What is media mix modeling?
What is MMM? AKA media mix modeling
Media mix modeling (MMM) is a statistical analysis that utilizes aggregated data to measure a wide range of marketing activities to determine their impact on a company’s return on investment (ROI). MMM is also known as marketing mix modeling.
MMM measurement allows marketers to examine a wider range of changes, from digital to traditional, and factor in external influences like promotions, seasonality, press coverage, and more.
Below, you can see a marketing mix modeling example graph which displays the revenue contributions dependent on a specific mix of individual marketing channels. In this case, marketers would use these insights to see the generated ROI of their combined marketing efforts compared to the weekly costs of these efforts.
Questions an MMM model can answer
Media mix analysis can be used to answer marketing questions like the following:
- What’s the ROI of each of my marketing channels?

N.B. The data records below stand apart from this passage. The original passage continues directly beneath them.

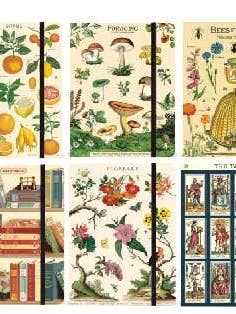 Cavallini Notebook Large Pack - 12 Assorted for wholesale by Cavallini & Co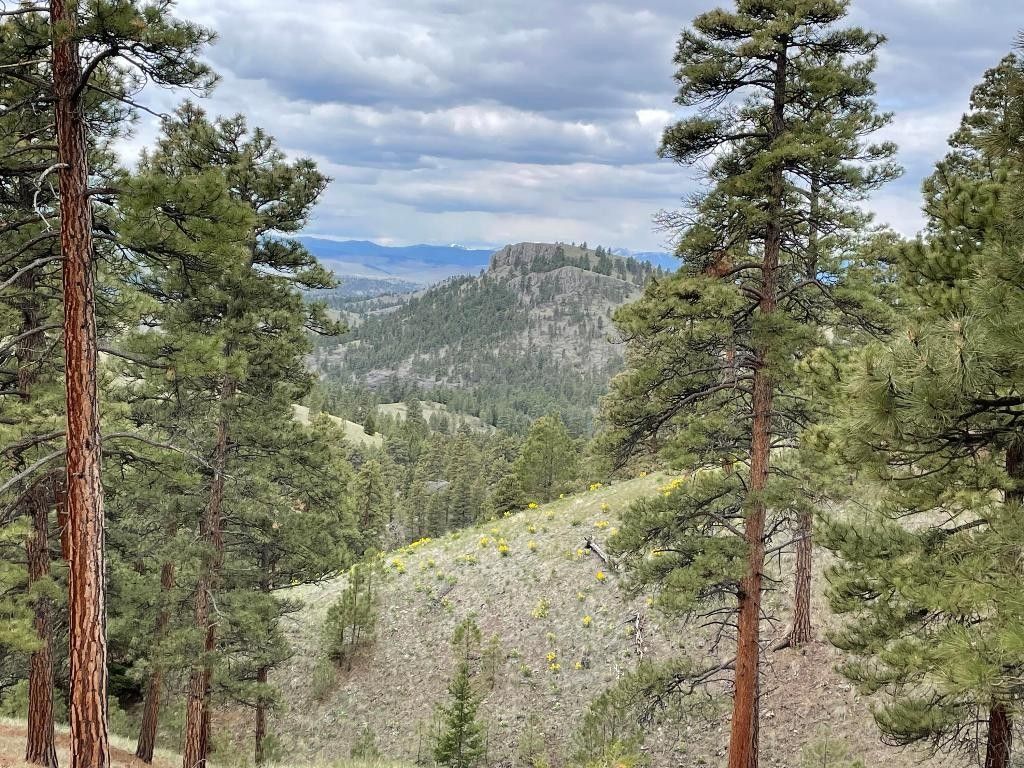 14.39 acres in Cascade County, Montana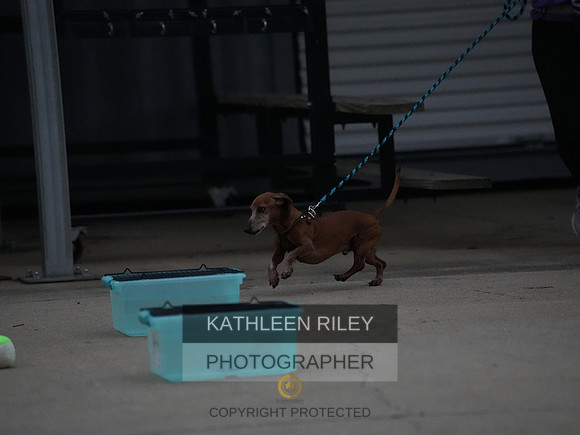 2022-KathleenRileyPhotography112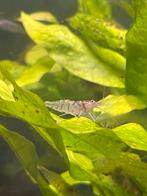 White pearl garnaal, Dieren en Toebehoren, Kreeft, Krab of Garnaal, Zoetwatervis, Schoolvis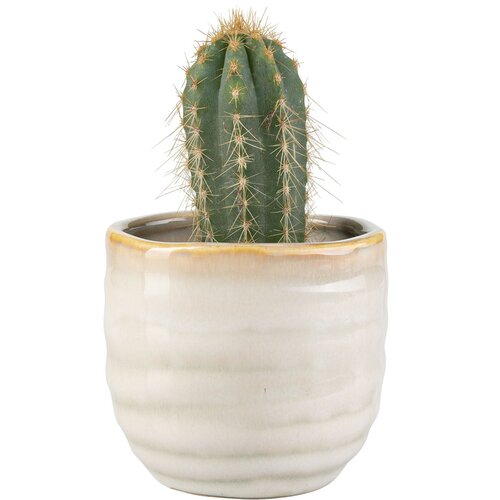 Small plant pot Lig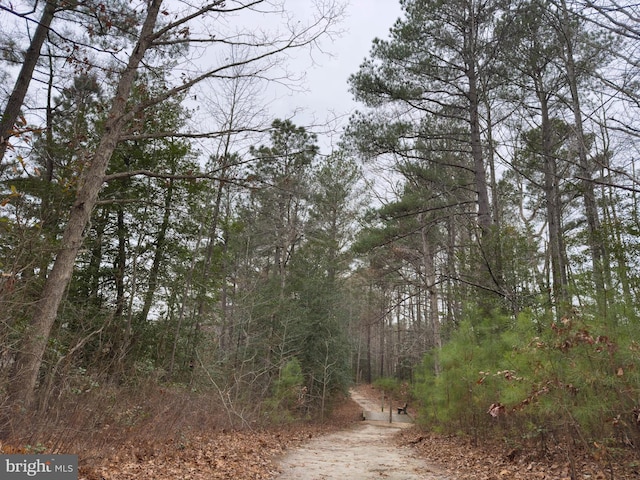 view of local wilderness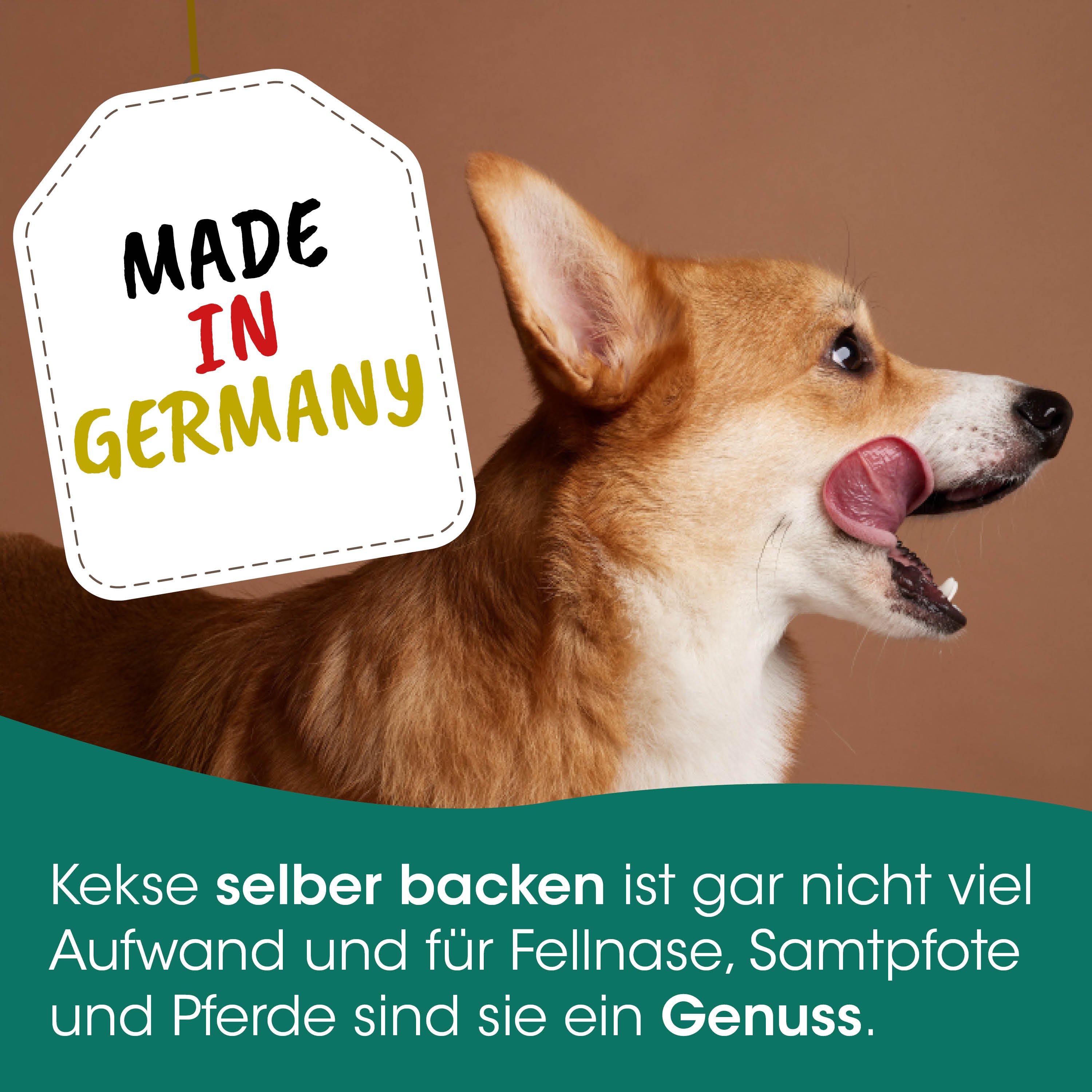 Hund, Corgi-Mischling, Lippe pink, Tierisches Motiv, Promo-Aufkleber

- Where should my ad spend go in the future?
- What is the impact of external factors on my company’s total revenue?
- How are earned, owned, and paid media contributing to my company’s ROI?
There are many more questions, specific to your app business, that an MMM model can answer. For a list of 10 questions an MMM model can answer for app marketers, and a complete guide on how to build a media mix model, check out our in-depth guide: Media mix modeling (MMM): The app marketer’s handbook.
The media mix modeling framework explained
An MMM framework encompasses the marketing channels in use, the amount of ad spend going into each channel, and the previous campaign results. The goal of this ratio is for a marketing team to be able to uncover which variables to use to impact the success of their future campaigns.
The MMM data marketers most often put into their marketing mix modeling feed includes:
Mobile attribution numbers: This is first-party data or data from Facebook, Google Ads, TikTok or any other self-attributing network (SAN) you partner with, or data from the SDKs for your mobile measurement partner (MMP) covering your digital advertising results.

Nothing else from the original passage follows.